The government needs to plug the hole in the bottom by declaring a moratorium on foreclosures until mortgage debts can be renegotiated, probably with government help - the same government help that would otherwise go to the banks. Only this will stop the drain on bank balance sheets.

But this can only be effective in the context of a revived employment market. The U.S. economy has lost almost 4 million jobs in the past year and the rate of loss is accelerating. In January, 600,000 jobs were lost, an annual rate of over 7 million. This is why the administration's stimulus program is so important.

It is the first attempt since the beginning of the crisis that begins to actually address the core of the problem: that consumers do not have enough income to keep the economy afloat. And there's nothing left they can borrow against to sustain the illusion of prosperity that has been the entirety of the economy's "growth" for the past eight years.

As important as restoring jobs and improving productivity are in the short run, they are even more critical in the long run. The U.S. needs to borrow in excess of $2 trillion this year and perhaps as much again next year. It is an astonishing, almost inconceivable sum, four times the amount the nation borrowed in its first 204 years combined. That is the plight the Republicans have left us with. It cannot be underestimated.

To borrow such sums, the U.S. needs to present a plausible story to its foreign creditors about how it will pay the money back. Until recently, the dollar's status as the world's reserve currency allowed the U.S. to simply print money for the things it wanted to buy. That is what has allowed us to run trade deficits and budget deficits in excess of a trillion a year, essentially borrowing that sum from foreigners on the promise to pay later.

But that era is over. It has become clear to all the world that the U.S. has lived far beyond its means and that it does not begin to earn the funds needed to sustain its lifestyle. After the near collapse of Fannie Mae and Freddy Mac last fall, foreigners have become leery of the "trust us" line that has become Uncle Sam's only story.

If the U.S. cannot show these foreign lenders - think China, Saudi Arabia, and Japan - how it will pay the money back, they will soon stop the lending, as any sensible creditor would. Why throw good money after bad? This was the clear message of Vladimir Putin and Chinese Premier Wen Jiaboa at the recent Davos conference in Switzerland.

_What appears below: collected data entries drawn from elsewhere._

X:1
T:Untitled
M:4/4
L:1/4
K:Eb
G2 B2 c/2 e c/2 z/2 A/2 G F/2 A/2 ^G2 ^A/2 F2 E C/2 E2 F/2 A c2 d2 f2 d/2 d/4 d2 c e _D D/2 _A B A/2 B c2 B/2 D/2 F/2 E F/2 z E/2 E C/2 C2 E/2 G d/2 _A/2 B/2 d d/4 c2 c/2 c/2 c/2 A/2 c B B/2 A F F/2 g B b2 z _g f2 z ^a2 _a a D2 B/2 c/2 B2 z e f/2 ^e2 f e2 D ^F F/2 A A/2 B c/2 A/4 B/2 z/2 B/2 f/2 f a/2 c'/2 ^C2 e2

If foreigners stop lending, the resulting collapse will make the recent crisis look like a child's game of Monopoly gone awry. Instead of a 5% fall in GDP, it will be closer to 15%. Instead of 7.6% unemployment, think 20%. Asset values, meaning home and stock prices, will plummet even further. Consumer spending will retrench dramatically in fear of still further erosions of wealth and income.

At some point, such a dynamic becomes impossible to reverse. To attract the money to run the government, the Treasury will have to raise interest rates on government bonds to stratospheric levels. This will kill off any possible recovery, consigning the U.S. economy to a self-reinforcing downward spiral of insufficient demand, inadequate investment, crumbling infrastructure, declining productivity, and competitive obsolescence.

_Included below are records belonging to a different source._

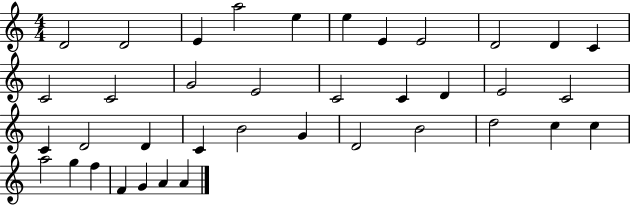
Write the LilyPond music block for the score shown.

{
  \clef treble
  \numericTimeSignature
  \time 4/4
  \key c \major
  d'2 d'2 | e'4 a''2 e''4 | e''4 e'4 e'2 | d'2 d'4 c'4 | \break c'2 c'2 | g'2 e'2 | c'2 c'4 d'4 | e'2 c'2 | \break c'4 d'2 d'4 | c'4 b'2 g'4 | d'2 b'2 | d''2 c''4 c''4 | \break a''2 g''4 f''4 | f'4 g'4 a'4 a'4 | \bar "|."
}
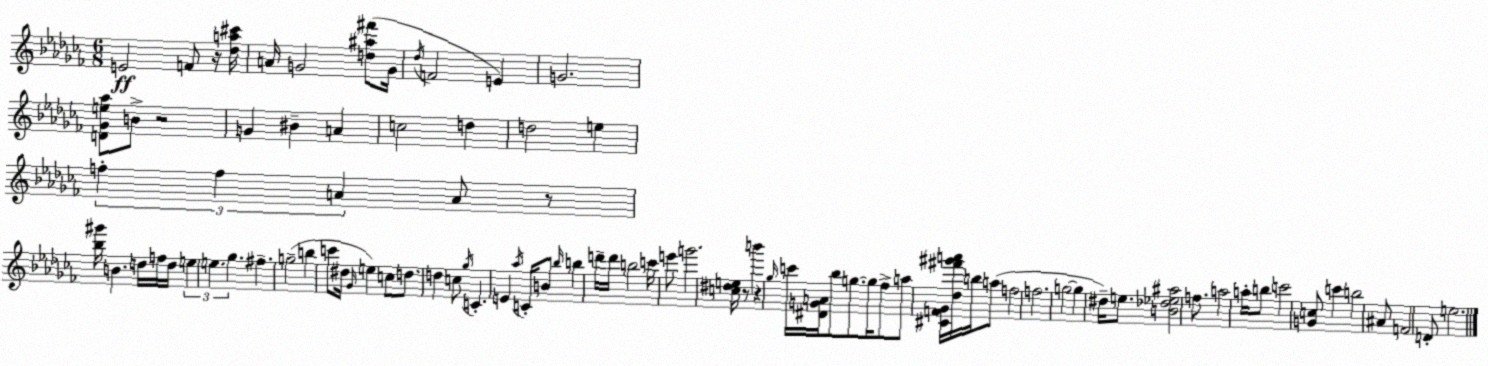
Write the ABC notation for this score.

X:1
T:Untitled
M:6/8
L:1/4
K:Abm
E2 F/2 z/4 [_da^c']/4 A/4 G2 [d^a^f']/2 G/4 _d/4 F2 E G2 [D_Ge_a]/2 B/2 z2 G ^B A c2 d d2 e f f A A/2 z/2 [_b^g']/4 B d/4 f/4 d/4 e e _g ^f g2 b c'/2 ^d/4 _G/4 e c/2 d/2 d c/2 _g/4 C E _a/4 C/4 B/2 _b/4 b d'/4 d'/4 b2 c'/4 e'/2 g'2 [c^de]/4 z/2 b' z _g/4 c'/4 [^DGA]/4 _b/2 g/2 g/4 _f/2 a/2 [^CF_G]/4 [_d^f'^g'a']/4 b/4 a/2 f2 f2 g2 g ^d/4 e/2 [B_d_e^a]2 f/2 a2 a/4 b/2 c'2 [Gc]/2 c' b2 ^A/2 F2 D/2 e2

Susan Sontag once wrote, "We need the courage to be serious." We need not only a short-term but also a long-term strategy that provides jobs and incomes so that we don't require ever greater doses of borrowed money to keep the lights on. As a nation, we need to begin producing things that other nations want to buy so that we can afford to buy the things they produce without having to write an endless stream of trillion dollar hot checks.

There isn't enough money in the treasury to raise the fence to the sky. Even if there were, it would be fruitless unless we fix the hole at the bottom. And we need to fix it quickly and persuasively while others will still loan us the money to do it. The decades-long sucker's game we've played on other nations and ourselves is over. It's time to grow up.